▶ [TASK BRIEF]: When you copy the material below, keep every line exact and leave each picture out.

▶ [PROVIDED DATA]:
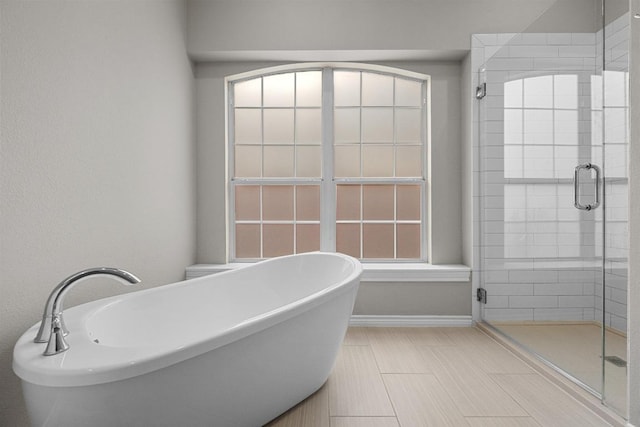 10700 Galsworthy Ln, Austin, TX 78739 - full bathroom featuring a freestanding tub and a shower stall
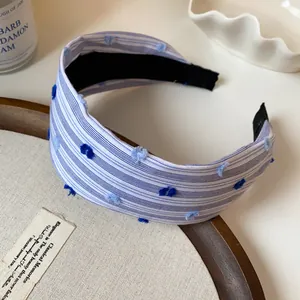 Dettaglio di cerchietto in tessuto a righe blu e bianche con divertenti pompon blu.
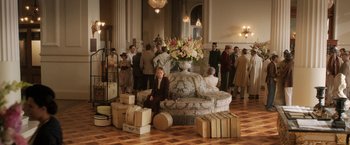 Movie still from “Rebecca” (2020), directed by Ben Wheatley – A group of people standing in a room with suitcases; Wide shot, High angle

▶ [WRITTEN SOLUTION]:
 10700 Galsworthy Ln, Austin, TX 78739 - full bathroom featuring a freestanding tub and a shower stall
 Dettaglio di cerchietto in tessuto a righe blu e bianche con divertenti pompon blu.
 Movie still from “Rebecca” (2020), directed by Ben Wheatley – A group of people standing in a room with suitcases; Wide shot, High angle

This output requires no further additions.